La manera de desplazarnos habla mucho de nosotros mismos. A los que hacen su viaje puntual en crucero, se los denomina turistas, gentes que aparcan, echan un vistazo, y su tiempo de descuento se pone en marcha para visitar, con la lengua fuera, allí donde lleguen. Los italianos los denominan gente de mangare e fugire, es decir, de comer y largarse. Por eso, cuando el turista vuelve a casa tiene una ensalada de recuerdos en la cabeza de la que no sabe por dónde empezar. El viajero es otra cosa, además de la maleta lleva consigo el tiempo, el compañero más valioso de su estancia. Es capaz de hacerse con la gastronomía de la zona, chapurrea con los oriundos, lee novelas en marcos inolvidables, es capaz de ver una puesta de sol en Malta sin que el crucero le esté atronando desde lejos, gritándole que en un cuarto de hora tiene que embarcar.

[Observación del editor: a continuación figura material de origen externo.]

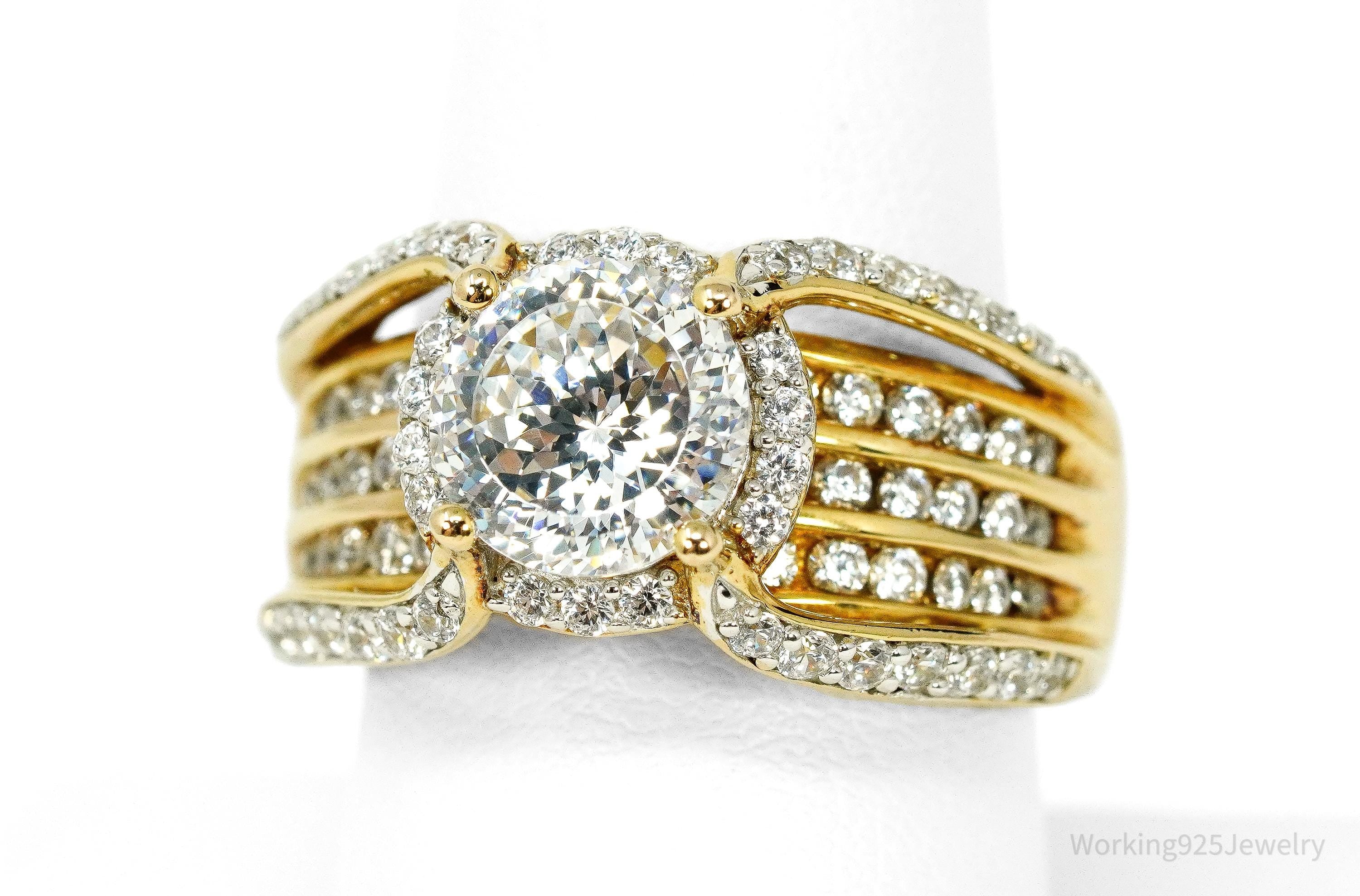 Vintage Designer Victoria Wieck Cubic Zirconia Gold Over Sterling Silver Ring - Size 9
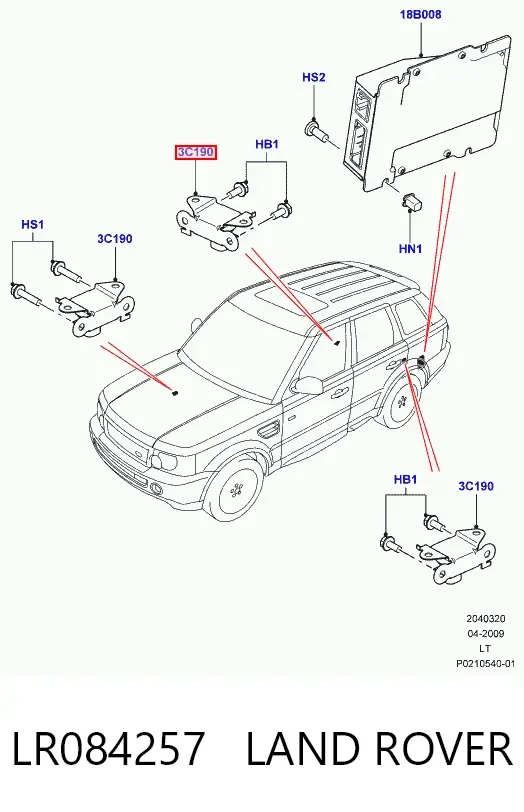 Czujnik przyspieszenia wzdłużnego LR084257 Land Rover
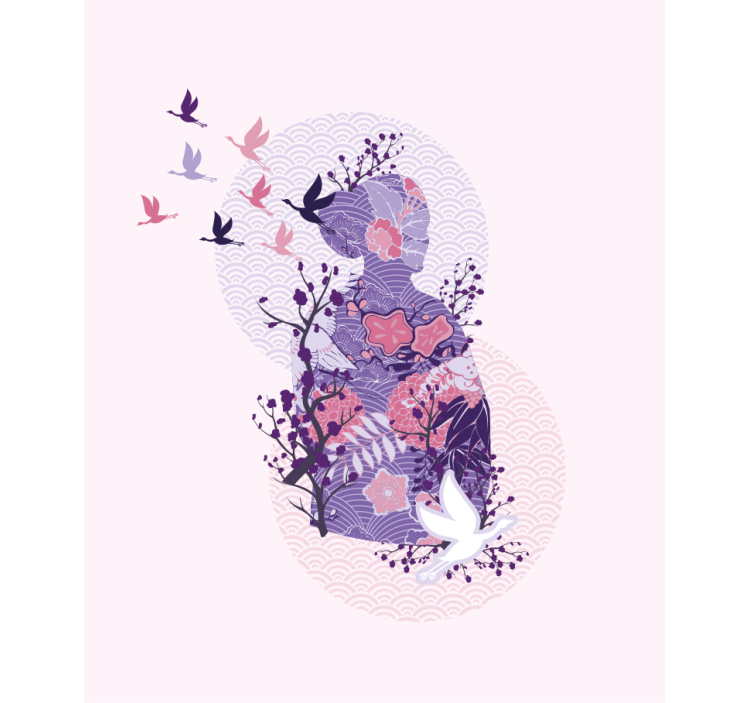 Roleta z kwiatami i roślinami sztuka sylwetkowa kwiatów - TenStickers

Hemos visto a Donald Trump en carroza recorriéndose las calles de Londres, Bueno es cosa de mandatarios. Dime cómo te mueves y te diré quién eres. Echemos un vistazo al Evangelio de hoy, porque es el ejemplo vivo de cómo se movía el Señor por Palestina. Visto de lejos, era todo un número. Menuda cuadrilla, que diría aquel. Doce analfabetos que sólo sabían de pesca, una ex prostituta, la mujer de un administrador de Herodes (es decir, una mujer sospechosa de ingratitud a su propio pueblo) y un par de ricachonas que ponían sus tierras y su dinero para facilitarle al Señor los desplazamientos. Es así, es la Palabra De Dios de hoy. Al Señor le gustaba no sólo la compañía de los hombres, sino de cualquier hombre, ni su condición social ni su ubicación pública impedían su intimidad. He leído recientemente, que los miembros de la Misiones pedagógicas en la España de mediados de siglo XX, seguían el principio de llevar a los mejores profesores a los pueblos más abandonados. Al Señor no le interesaban las clases sociales. Qué murga nos dio la teología de la liberación en los ochenta, madre del amor hermoso: que si Jesús era el Jesús de los pobres, el revolucionario, fusil en mano, cuya misión era desalojar a los potentados de sus tronos. El Señor no mide los dineros, mide el corazón. Sabe que el dinero puede embotar las ganas de poner a Dios en el centro de la propia vida, y así nos lo hizo saber muchas veces, pero no era un partidario de políticas sociales. Eso se lo dejaba a las decisiones de los hombres.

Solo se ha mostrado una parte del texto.